## [MATERIAL PROVIDED]
···
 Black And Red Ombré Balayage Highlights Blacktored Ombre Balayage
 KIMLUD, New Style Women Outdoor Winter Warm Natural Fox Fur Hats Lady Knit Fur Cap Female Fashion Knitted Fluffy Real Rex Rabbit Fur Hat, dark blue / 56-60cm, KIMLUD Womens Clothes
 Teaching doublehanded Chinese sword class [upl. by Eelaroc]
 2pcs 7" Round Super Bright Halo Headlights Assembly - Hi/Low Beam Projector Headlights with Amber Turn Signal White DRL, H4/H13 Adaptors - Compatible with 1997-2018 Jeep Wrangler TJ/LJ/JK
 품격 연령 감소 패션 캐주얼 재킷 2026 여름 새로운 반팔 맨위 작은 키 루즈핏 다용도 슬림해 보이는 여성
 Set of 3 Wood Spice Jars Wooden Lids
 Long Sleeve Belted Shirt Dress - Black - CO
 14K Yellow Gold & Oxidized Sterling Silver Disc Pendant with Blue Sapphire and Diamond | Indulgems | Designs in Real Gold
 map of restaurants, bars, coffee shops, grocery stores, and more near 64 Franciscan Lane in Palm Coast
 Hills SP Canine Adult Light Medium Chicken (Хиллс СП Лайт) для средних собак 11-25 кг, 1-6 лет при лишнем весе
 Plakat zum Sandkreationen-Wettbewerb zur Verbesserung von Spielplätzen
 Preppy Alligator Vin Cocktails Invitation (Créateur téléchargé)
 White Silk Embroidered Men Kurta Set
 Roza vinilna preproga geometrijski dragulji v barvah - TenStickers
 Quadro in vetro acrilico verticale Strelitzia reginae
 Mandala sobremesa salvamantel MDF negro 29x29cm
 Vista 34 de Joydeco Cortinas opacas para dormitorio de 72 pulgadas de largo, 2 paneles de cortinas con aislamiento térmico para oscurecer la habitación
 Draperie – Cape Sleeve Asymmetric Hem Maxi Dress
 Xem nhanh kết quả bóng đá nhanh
···
## [PROBLEM STATEMENT]
The stretch of entries above that starts with the line containing "Hills SP Canine" and goes on through the line containing "Mandala sobremesa salvamantel" is to be transcribed exactly, and no other line is to be transcribed.

## [RESPONSE BOX]
 Hills SP Canine Adult Light Medium Chicken (Хиллс СП Лайт) для средних собак 11-25 кг, 1-6 лет при лишнем весе
 Plakat zum Sandkreationen-Wettbewerb zur Verbesserung von Spielplätzen
 Preppy Alligator Vin Cocktails Invitation (Créateur téléchargé)
 White Silk Embroidered Men Kurta Set
 Roza vinilna preproga geometrijski dragulji v barvah - TenStickers
 Quadro in vetro acrilico verticale Strelitzia reginae
 Mandala sobremesa salvamantel MDF negro 29x29cm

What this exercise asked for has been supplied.